… pull about 2.25A @ 5V on full-white according to my multimeter. Which is about 18mA per RGB LED which is a lot less than I thought they would. Aren’t they meant to be 20mA per R, G and B, i.e., 60mA per WS2812B?
Or am I just about to start smelling something very funny from the (2.1A rated) Apple USB wall-wart I’ve got them plugged into?
Probably. I reached the same conclusion on a smaller scale and got a 20W PSU instead of 80W. The voltage on my PSU drops to ~4.5V under load. Maybe the 200W PSU will perform better than the 40W when you light up the whole panel?
Also note that you could hook up a power sucking 12,000 BTU monster electric air conditioner to a “2.1 Amp” power supply and you wouldn’t see it drawing much more than 2.1 Amps… because that’s all the power supply can deliver.
I’ve had this problem before.
If you want to measure how much current something wants to draw, you need to connect it to something that can deliver at least that much current. Hook it to a 5v 10Amp supply and see how much current it draws.
The fact that it can operate on less is definitely interesting, too, but I think you might not be headed for happy power engineering land.
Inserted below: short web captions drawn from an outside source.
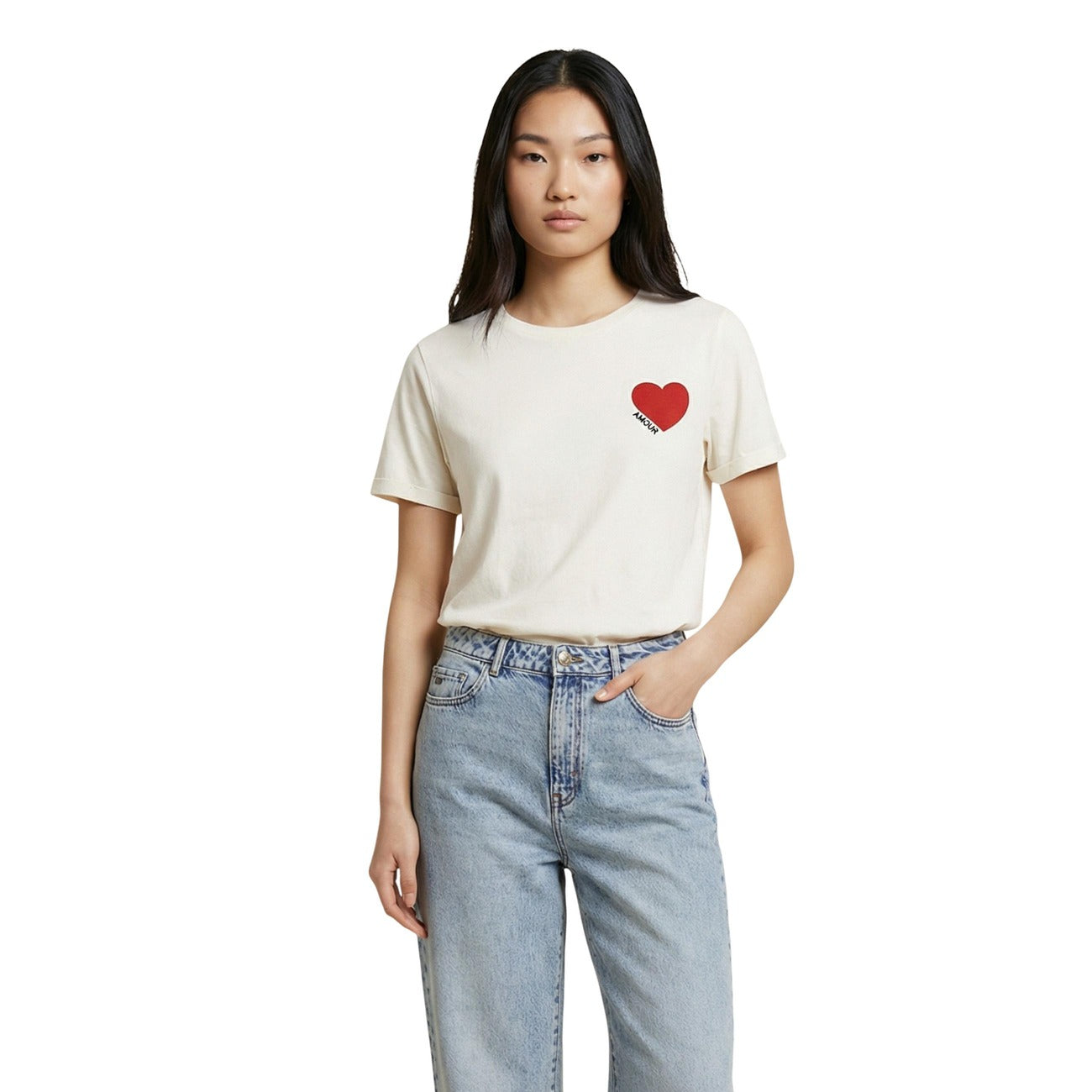 Only T-shirt Dames Beige #2454127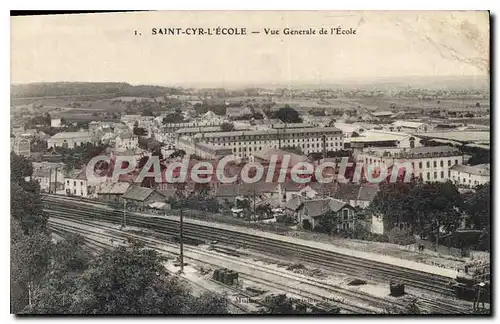 Cartes postales Saint Cyr L'Ecole VUe Generale De I'Ecole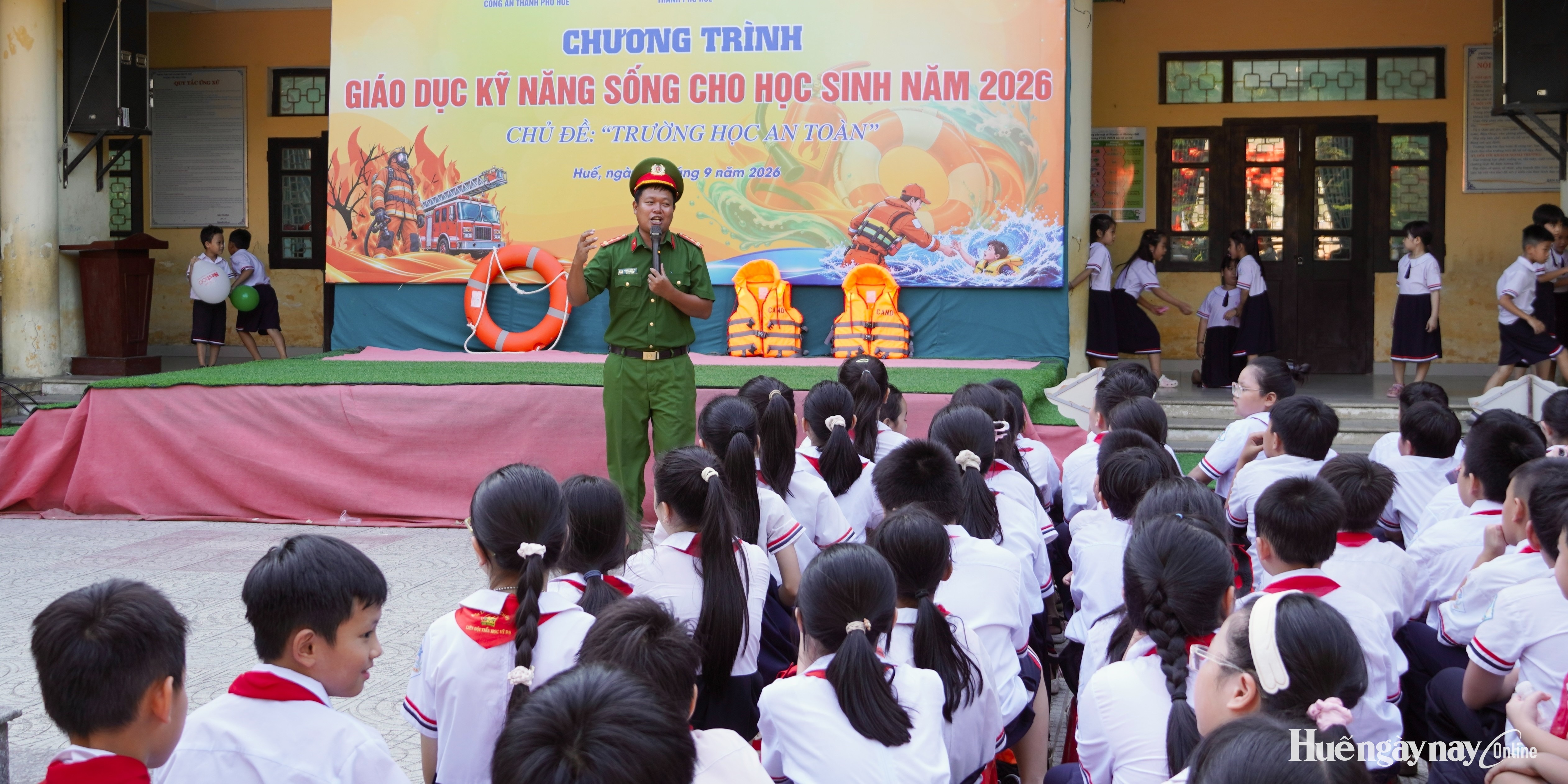Hơn 600 học sinh được trang bị kỹ năng ứng phó tình huống khẩn cấp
As you reach the 90% mark, you will probably see a drop in the voltage from your power supply as it starts to struggle. Plus it may start moving away from clean DC to something with other frequencies in it. If you have a scope, put that on and see what happens.
Most power supplies will allow you over the 100% mark. But my guess is the output voltage will drop and there is a significant chance that longer term the internal heat generated in the power supply will do irreparable damage to the power supply. Good power supplies have fuses of some sort to stop that (resting or single use). Cheaper and smaller volumed don’t (aka wall-warts).
Low voltage causes a multitude of problems depending how far off it is down and the voltage tolerances of everything being powered. The unclean DC will probably also cause data corruption and timing issues.
Heat damage can be as quick as a few seconds to several days, and everything in-between.
I normally use 20mA for the calculations because I can do it in my head. Maths with 18 is much harder This excess also gives spare capacity for the power supply to avoid getting close to it’s limits and generating more heat.
Bottom line - don’t stress your power supply. Its good practice and saves disappointment or worse a fire. 80% to 90% capacity is probably a good rule of thumb for a maximum.
Last time I measured (with the tools I had on hand), I got these values for the current draw of the LEDs in a strip of WS2811’s:
red: 16mA
green: 14mA
blue: 14mA
chip itself (all LEDs off) : <1mA (ish)
20mA is a great estimate for how much power each pixel is likely to draw, presuming that you’re mostly using “pure hues”. If you’re using desaturated (whiter, more pastel) colors, you’re going to go higher.
Also worth noting that the pixel closest to the power supply will use a little more current than the pixel furthest from the power supply due to the voltage drop along the strip. Use the (NUM_LEDS / 2)th pixel for testing, or better yet, use 100 pixels, and divide resulting current draw by 100. (I think that’s what I did to get the numbers above.)
I’ve done some more experiments (for SCIENCE) and here’s what I found:
Hooked up to the beefy 200W supply, the 128-pixel panel draws… 1.96A @ 5.11V (I only have one multimeter so these measurements weren’t taken simultaneously, but I guess this will still be roughly correct?) for a nice neat total of 10W or so.
I hooked it back up to the Little iPad Wall Wart That Could and again got my 2.26-something amps, but when I measured the voltage it went all the way down to 3.2V or so. It didn’t seem much less bright, if at all.
So, we’ve learned five things:
Voltage sags under load when you get near a supply’s rating
There’s no such thing as a free lunch
The constant current driver in the WS2812B is pretty good
I still don’t get why I’m still only seeing 15-20mA per pixel rather than per R, G and B channel on each pixel but screw it I’ll take 10W per panel thanks.
… and finally:
The reverse-polarity protection on the Uno and the WS2812B is surprisingly good. You can probably guess how I came to this particular conclusion.